Records drawn from a dataset:

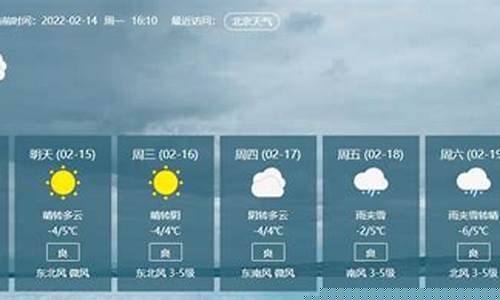 聊城天气预报查询一周15天气预报_聊城一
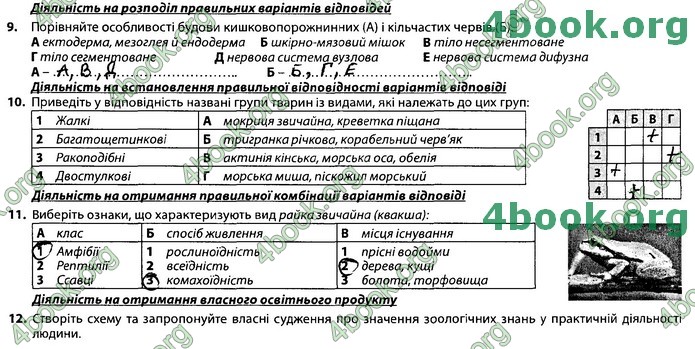 Збірник Біологія 7 клас Соболь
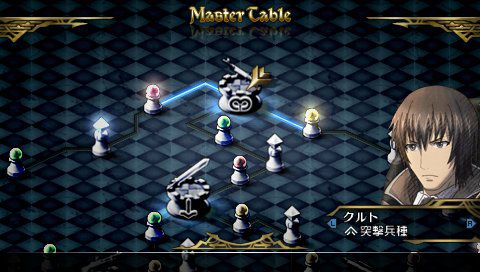 Скриншот из игры Valkyria Chronicles 3 - 33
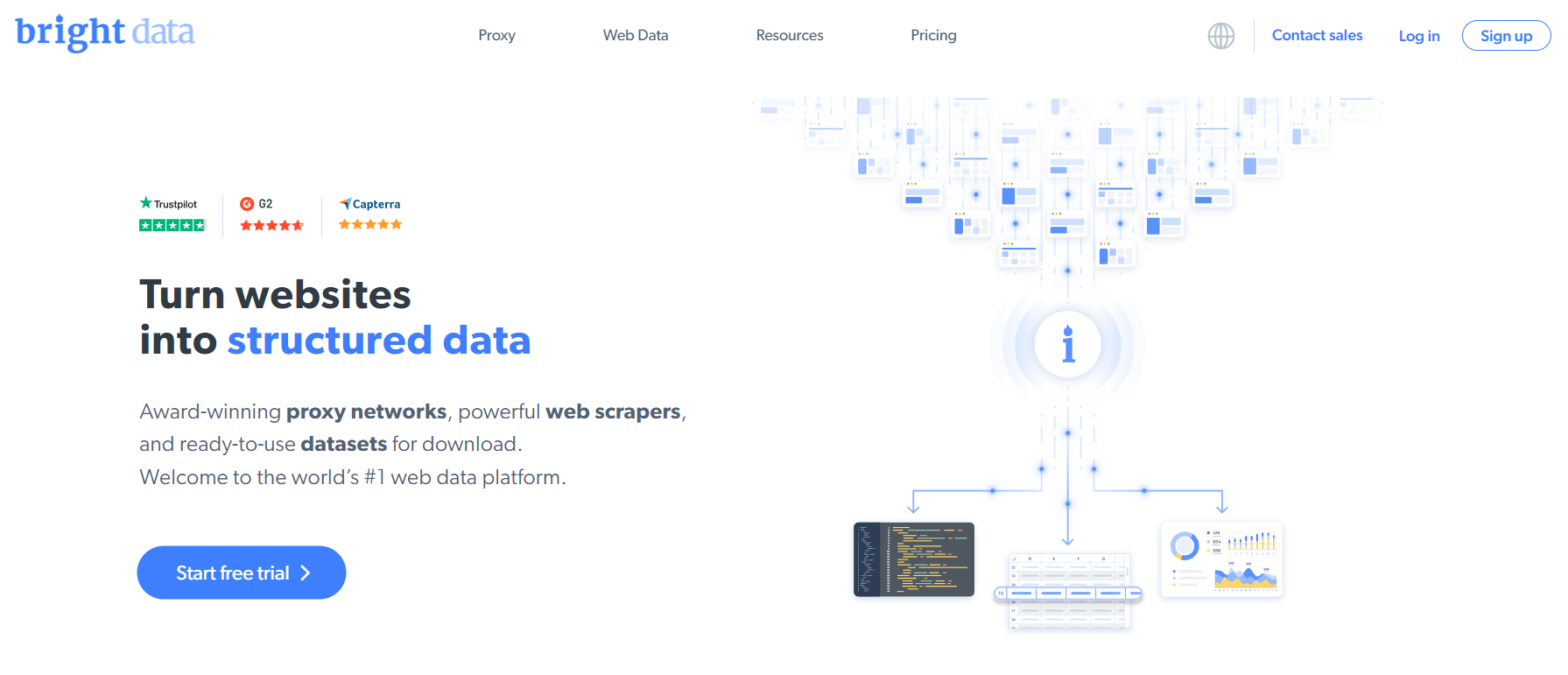 Overview Of Bright Data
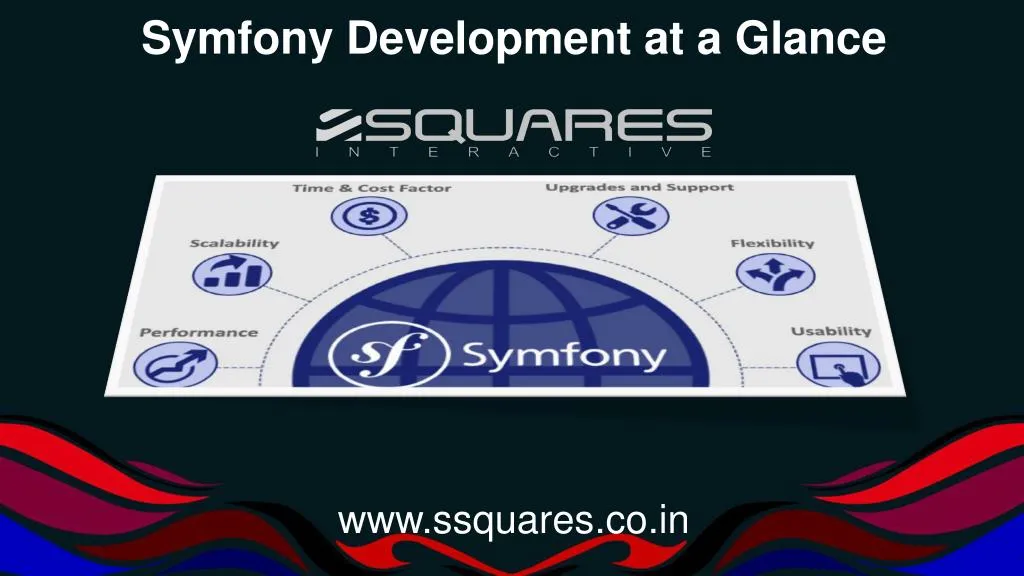 symfony development at a glance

### Work instruction
Without the pictures, copy out all the records above exactly.

### Problem solution
 聊城天气预报查询一周15天气预报_聊城一
 Збірник Біологія 7 клас Соболь
 Скриншот из игры Valkyria Chronicles 3 - 33
 Overview Of Bright Data
 symfony development at a glance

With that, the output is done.